Если этого не преодолеть, хотя бы в стенах православной школы, то на выходе из нее мы можем получить, конечно, уже не дипломированных атеистов, а дипломированных книжников и фарисеев — и кто из них опаснее, это еще очень большой вопрос.
Третий враг: Пренебрежение семьей
В сфере воспитания — это пренебрежение семьей, которую христианство неслучайно называет «домашней церковью». Впрочем, с точки зрения описанного выше экспериментаторского подхода оно также легко объяснимо. Поскольку, как известно, на все происходящее в школе родители часто имеют свое мнение, мешающее чистоте эксперимента, и поэтому нередко вызывают недовольство администрации.
Особенно, родители — священники, которые, порой, совершенно справедливо недоумевают, почему их пастырский опыт и таланты не востребованы школой, называющей себя православной. Возможно, если они поймут, что школа, в которой учатся их дети — не православная, а авторская, это поможет им спокойнее относиться к тому, что заведующий лабораторией не интересуется их мнением и не нуждается в их помощи.
Признавая родителей важными участниками соборного школьного дела, необходимо подчеркнуть, что их участие может быть плодотворным и полезным лишь в том случае, если отношение родителей к школе не будет потребительским.
Если родители будут не только что-то брать, но и «отдавать», и при этом искать для своих детей не только земного благополучия.

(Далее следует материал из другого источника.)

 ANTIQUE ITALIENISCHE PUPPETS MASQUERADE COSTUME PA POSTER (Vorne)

Если же все, чего ожидают родители – высокий балл по ЕГЭ, то, думаю, лучше им выбрать другую школу, не занимать чужого места и не лишать возможности учиться в православной гимназии тех, кто «ищет, прежде всего, Царствия Божия», помня, что всё остальное к нему «приложится» (ср. Мф. 6, 33). По крайней мере, так будет честнее.
Какая школа нам нужна?
Это тема для отдельного разговора. Ей посвящена моя открытая беседа «Какая школа нам нужна?», опубликованная в книге «Главные вопросы». Поэтому позволю процитировать из нее несколько строк.
«Нам нужна школа, в которой наука перестанет быть идолом и станет – наряду с религией, философией и искусством – одним из способов познания действительности. Нам нужна школа, открытая культуре и искусству. Школа, открытая Церкви, и Церковь, открытая школе. Школа, в которой слова «Бог», «ближний», «любовь» перестанут быть только словами и понятиями и наполнятся реальным содержанием.

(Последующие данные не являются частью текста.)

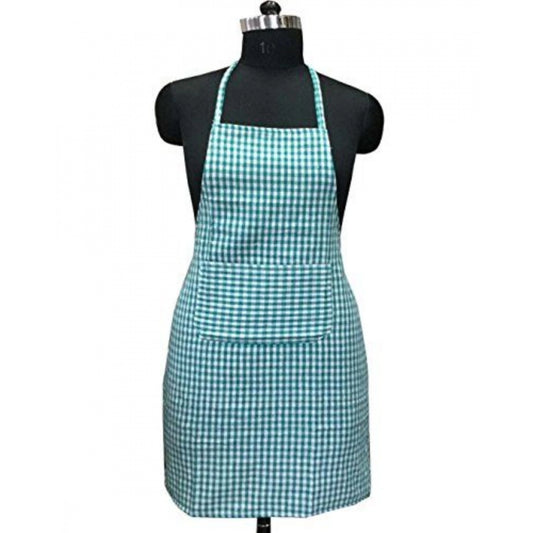 Fashion Checkered Cotton Aprons (Green)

Нам нужна школа, свободная от засилья чиновников, ученых, методистов и без конца производимых ими новых понятий, инструкций и бумаг. Школа, в которой главная роль принадлежит тем, кто не только знает понятия, но познал саму жизнь – практикующим учителям, родителям и детям.
Нам нужна школа, в которой успешность и состоятельность педагога определяется не количеством собранных для аттестации баллов, не близостью к начальству или умением говорить правильные слова на «птичьем» языке методических рекомендаций, указов и распоряжений, а ответной любовью учеников, уважением коллег и родителей.
Нам нужна школа, которая в центр «школьного дела» ставит отношение не к ЕГЭ, знаниям или компетенциям, а, как минимум, внимание к человеку – детям, родителям, коллегам, с которого начинается наше отношение, проявляется наша любовь к Богу – и это максимум.
Нам нужна школа, открытая семье, и семья, открытая школе.
Нам нужна школа, открытая ближнему и Христу, как Сам Христос всегда открыт людям.
Школа, открытая жизни во всей её полноте и многообразии, кроме греха, как жил и живет Христос. Нужна школа новой жизни – школа жизни во Христе, во главу которой поставлена любовь к Богу и ближнему».
Думаю, что именно такую школу с полным правом мы и сможем назвать православной.